The bigger picture is that these people are also the source of David’s “mighty men.” These people become warriors and stand with him through his own challenges. “Mighty men” are not found, they are made, or rather healed, restored, delivered. It is the process of coming out that equips them for the future.

Lord, let it be at NH that we become a mighty people.

May 21, 2004

Doing Things Right or Doing the Right Things?

Proverb 21:5
The plans of the diligent lead surely to plenty,
But those of everyone who is hasty, surely to poverty.

Last night we were making some plans for the summer - schedules, activities, etc. For some reason, it always seems like we are pressed for time in our planning for the church. Often it seems like without the right amount of lead time our plans fall flat. It seems like it shouldn't be that hard to facilitate ministry in a smaller church. I find it to be really challenging. We often do things in a rush, incomplete, and not completely followed through.

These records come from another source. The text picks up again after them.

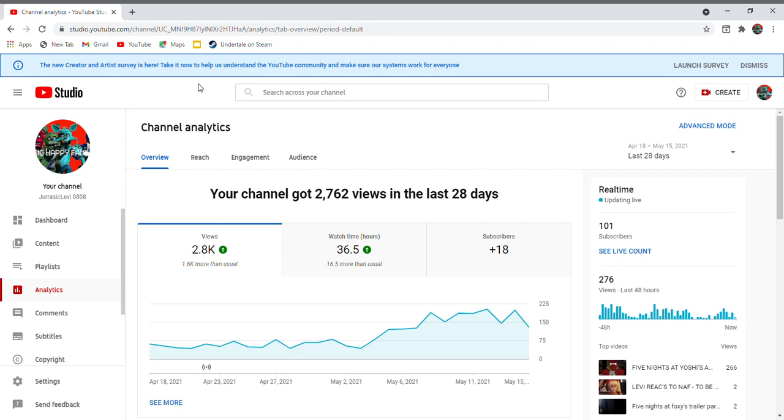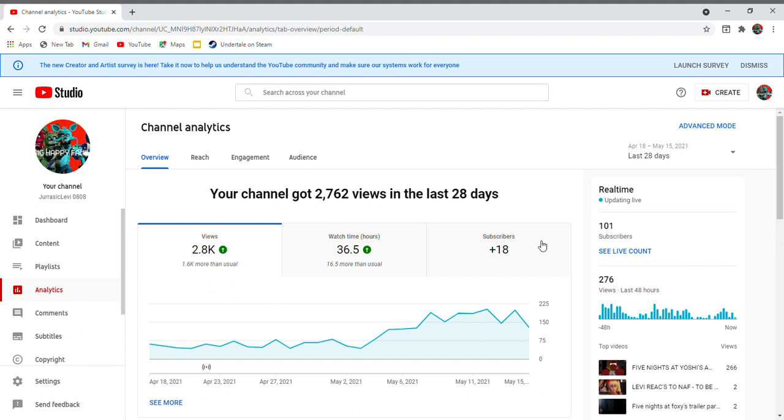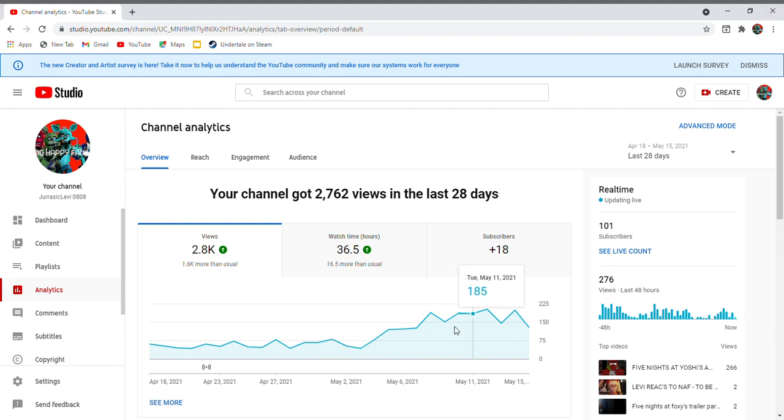Hi guys, welcome back to another video. I kind of blew up - I got 101 subscribers, with 18 from the past 28 days. I got 36.5 watch time hours in the last 28 days and 2,762 views. That's a lot.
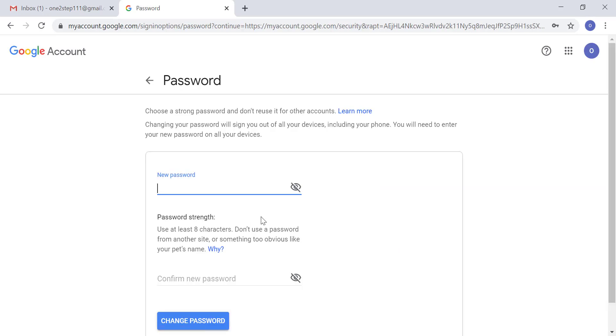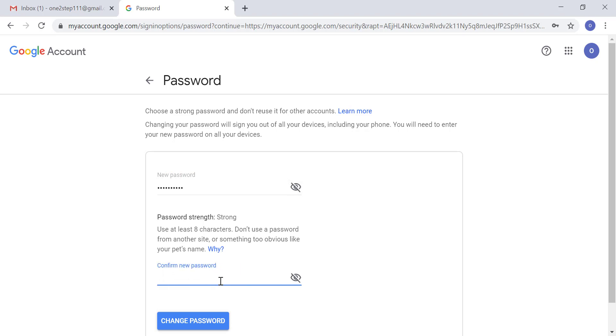The password must be eight characters or more. When choosing a password, use a mix of letters, numbers, and special characters to make it strong. In the next field, you have to enter the same password again.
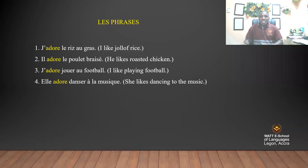Elle adore danser à la musique — she likes dancing to music. Let's read the sentences one more time, repeat after me: j'adore le riz au gras, il adore le poulet braisé, j'adore jouer au football, elle adore danser à la musique.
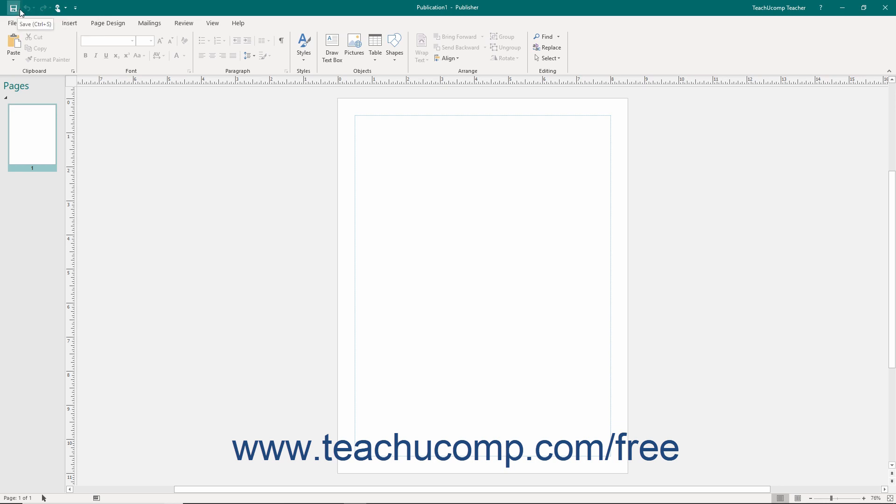Save, Undo, Redo or Repeat, and Touch slash mouse mode. You can also remove buttons you have added to this toolbar.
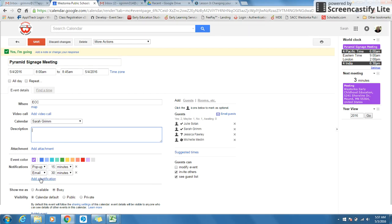You're going to be able to add a notification or change your notifications. You created for your calendar before in the previous lesson how you wanted all of your notifications. Now, this would be a specific one for just this event.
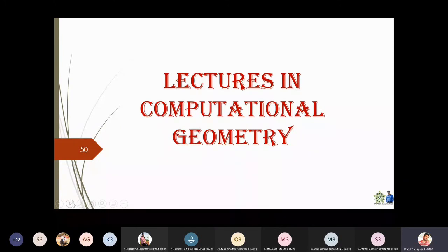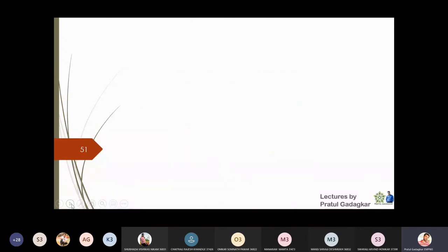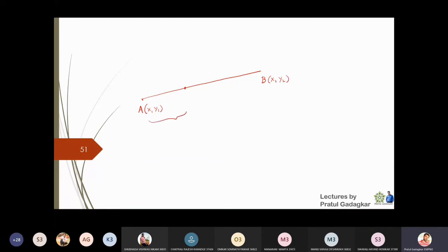In today's lecture we are going to discuss two-dimensional transformations and their role in parallel and intersecting lines. We will first write some simple results. If you have a line with coordinates x1, y1 and x2, y2, and you divide the line in a ratio m to n, then the point that does that job — call it (alpha, beta) — has coordinates given by the internal division formula.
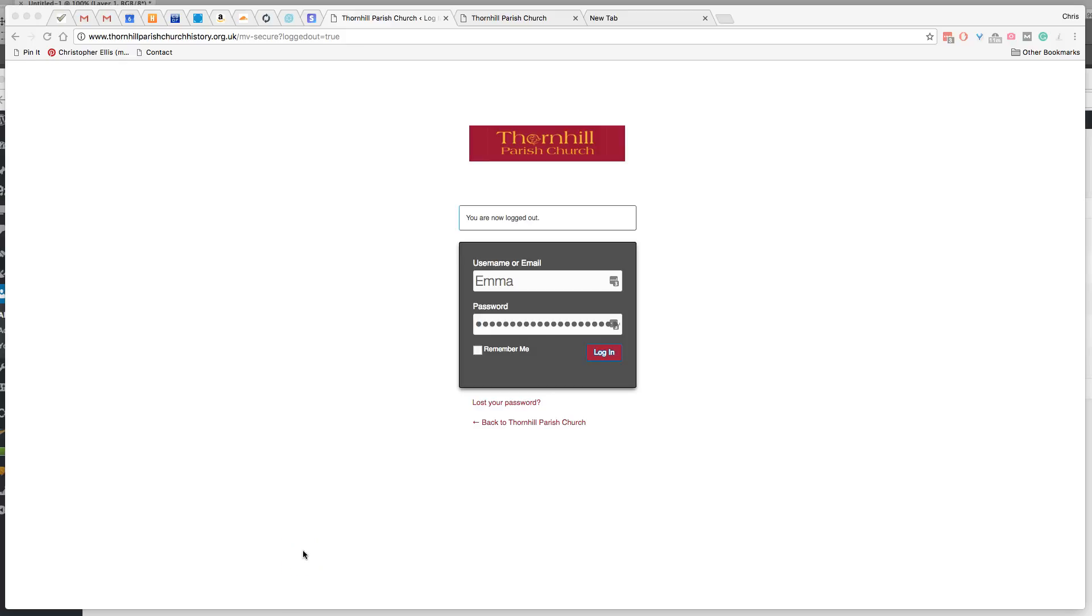This is just a short video to show you how to add captions to the galleries on Thornhill Parish Church website.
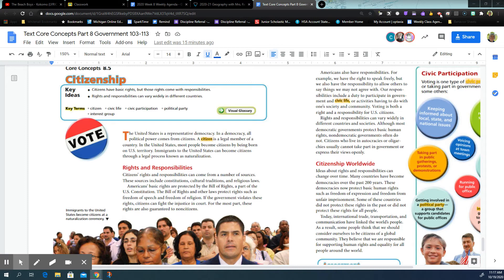Citizenship worldwide. Ideas about rights and responsibilities can change over time. Many countries have become democracies over the past 200 years. These democracies now protect basic human rights such as freedom of expression and freedom from unfair imprisonment. Some of these countries did not protect these rights in the past, or did not protect them for all people. Great Britain, just 300 years ago, was ruled by a king. Now it still has a queen, but parliament makes most of the laws and the prime minister, working with the queen, handles most of the enforcement.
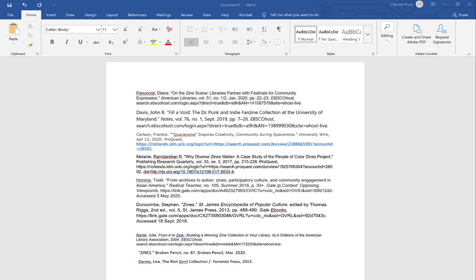This video is on how to format a Works Cited page in MLA format in Microsoft Word. I'm using the most recent version of Microsoft Word, I believe this is a 2019 version of Word, and I'm on a PC.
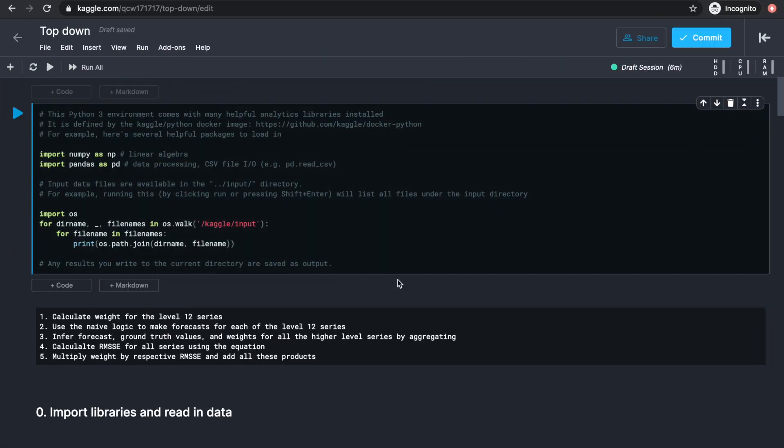I made a copy of the notebook we wrote for our last video, and the only change we have to make is with the prediction method. The plan is to get the forecast for one of the higher level series, calculate what proportion of that higher level forecast should be distributed to the level 12 series, and then aggregate the level 12 series to get all the other levels and evaluate our local validation set.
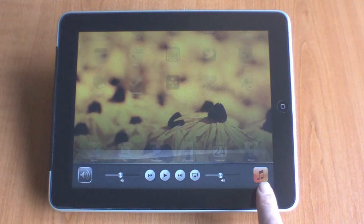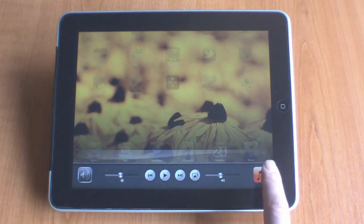Finally, we have a quick way to gain access to your music library on your iPad.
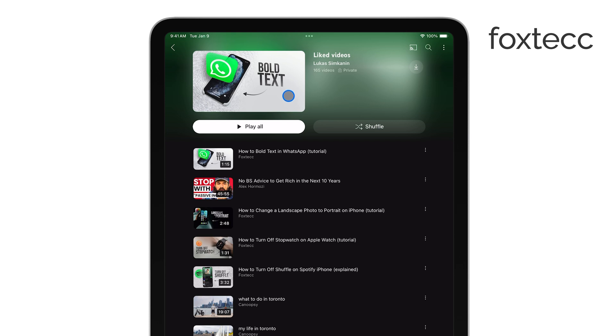In this section, you'll be able to see every single video you've ever liked and you can easily watch them again if you want.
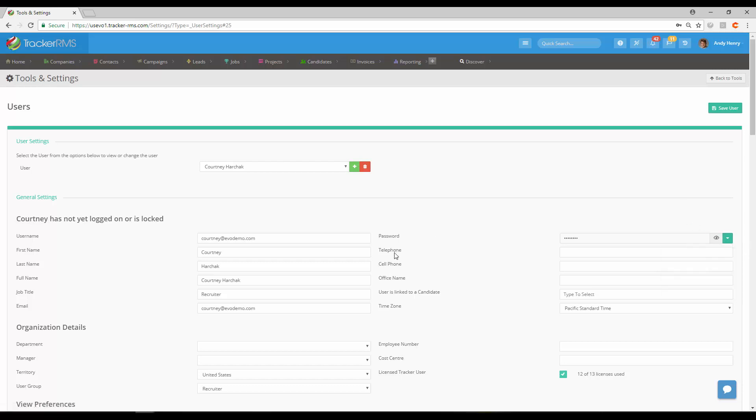You can then fill out the other details here, such as any phone numbers or if they're in an office. If they're linked to a candidate in the system, you can also type here to link to that candidate.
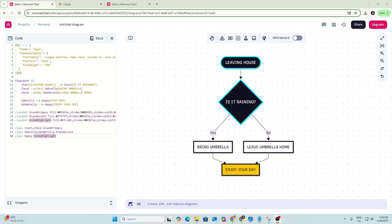In this video, I'm going to show you how to use Claude and a tool called Mermaid to instantly create flowcharts. Whatever your purpose is for needing flowcharts, whether it's presentations, your website, social media, you can use Claude in addition to Mermaid here to instantly create these flowcharts with just a quick prompt within Claude.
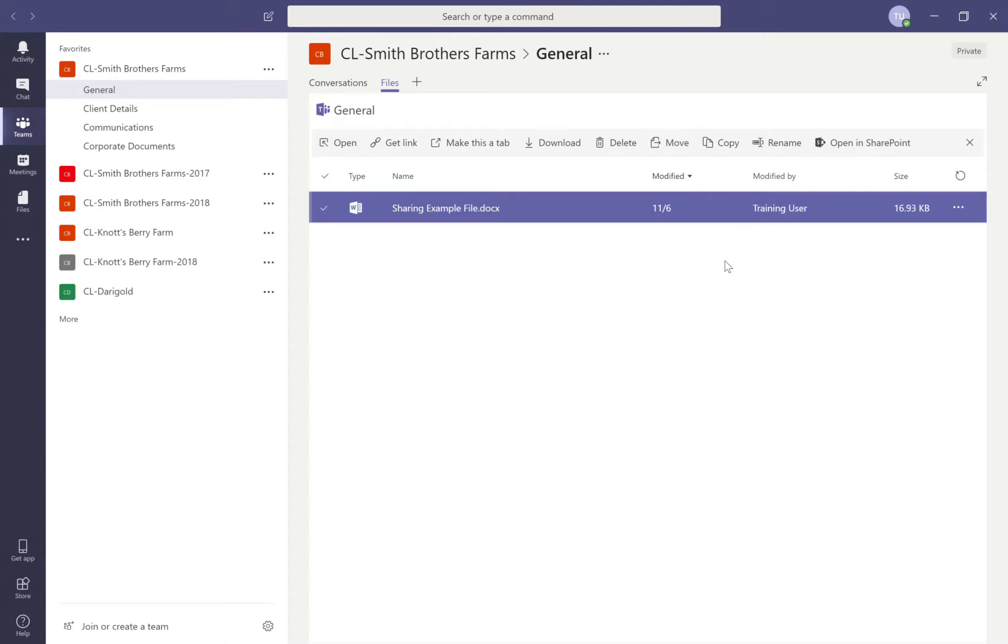In this video I will demonstrate how to edit a Word document and insert comments using the Teams embedded document editor.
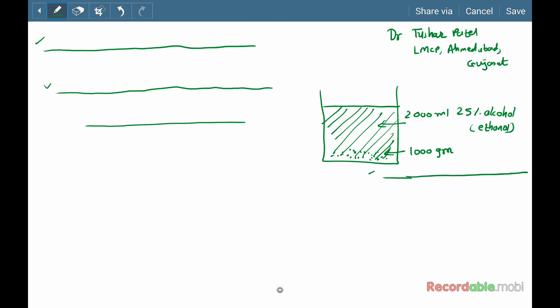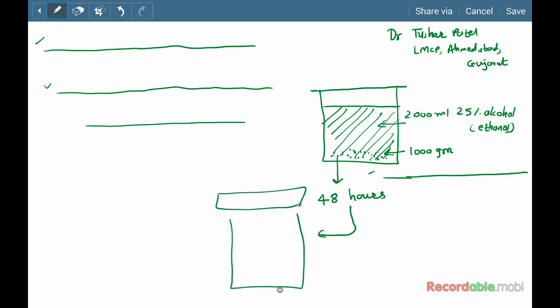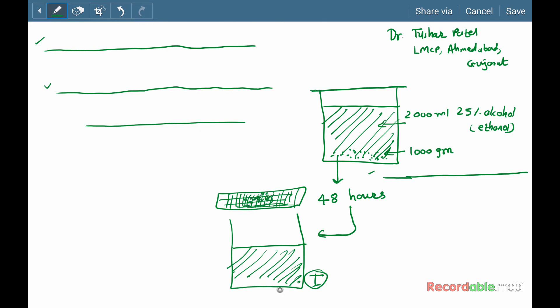Cover the container. Now keep this for 48 hours for maceration. After that, filter the solution. Collect the filtrate. This is filtrate number one. Here are the small pieces of the bitter orange peel.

I think diligence has to do with not just doing things right, but doing the right things. Maybe we've not been doing the right things...

Lord, let us know what the right things are and help me move beyond the urgent to the intentional - the things that lead to plenty.

June 11, 2004

God's Choice - A person, not a place

1 Kings 8:15-16
"Praise be to the LORD, the God of Israel, who with his own hand has fulfilled what he promised with his own mouth to my father David. For he said, 16 'Since the day I brought my people Israel out of Egypt, I have not chosen a city in any tribe of Israel to have a temple built for my Name to be there, but I have chosen David to rule my people Israel.'

Since the exodus and the building of the tabernacle, there as been no permanent location for the nation to gather for worship. Even under the Joshua and the judges that followed there was no specific structure built to be the central gathering place. As a theocracy, I would think that the first issue would have been to establish a permanent place for worship around which to build the nation. Instead, God waited to find a leader.

Although the desire for a king came from the people, we know that God chose David to lead and unify the nation. David then chose the location of his throne. This is an interesting idea for me as a church planter. I felt like I chose Irvine because of what I felt God wanted to do in this city. This passage suggests that it doesn't matter so much about the location as much as the fact that God chose me to shepherd and to lead people.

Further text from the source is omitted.